TASK OBJECTIVE
Write the listing out again word for word, leaving each picture behind.
DATA PROVIDED START
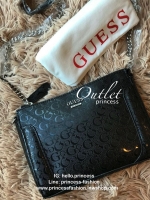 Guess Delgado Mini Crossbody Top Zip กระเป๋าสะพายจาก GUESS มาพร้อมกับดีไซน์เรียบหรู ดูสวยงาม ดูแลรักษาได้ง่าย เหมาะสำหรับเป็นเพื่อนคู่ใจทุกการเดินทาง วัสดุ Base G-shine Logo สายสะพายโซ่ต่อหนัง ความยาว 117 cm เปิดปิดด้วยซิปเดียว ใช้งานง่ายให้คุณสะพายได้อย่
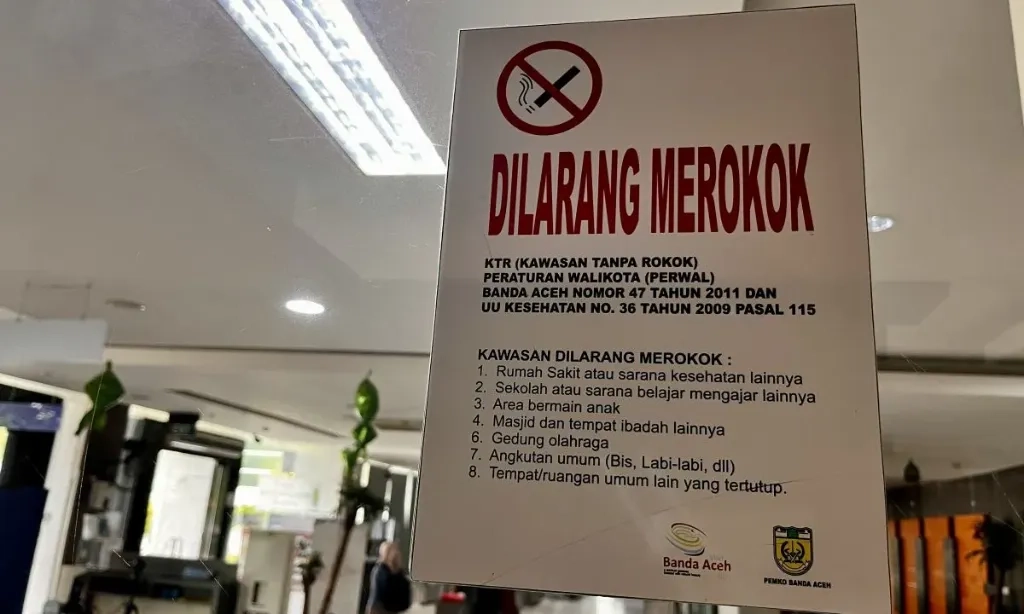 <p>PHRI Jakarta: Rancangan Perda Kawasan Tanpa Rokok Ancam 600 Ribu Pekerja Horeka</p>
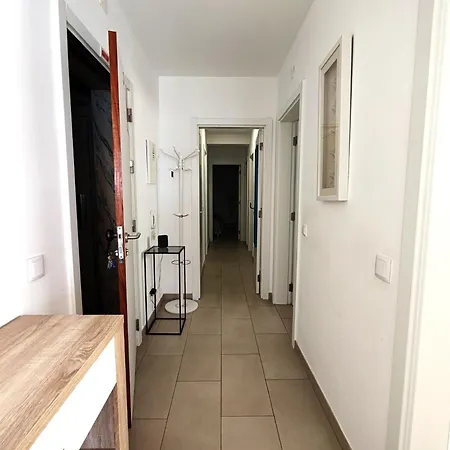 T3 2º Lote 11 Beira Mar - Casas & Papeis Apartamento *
DATA PROVIDED END
ANSWER BELOW
 Guess Delgado Mini Crossbody Top Zip กระเป๋าสะพายจาก GUESS มาพร้อมกับดีไซน์เรียบหรู ดูสวยงาม ดูแลรักษาได้ง่าย เหมาะสำหรับเป็นเพื่อนคู่ใจทุกการเดินทาง วัสดุ Base G-shine Logo สายสะพายโซ่ต่อหนัง ความยาว 117 cm เปิดปิดด้วยซิปเดียว ใช้งานง่ายให้คุณสะพายได้อย่
 <p>PHRI Jakarta: Rancangan Perda Kawasan Tanpa Rokok Ancam 600 Ribu Pekerja Horeka</p>
 T3 2º Lote 11 Beira Mar - Casas & Papeis Apartamento *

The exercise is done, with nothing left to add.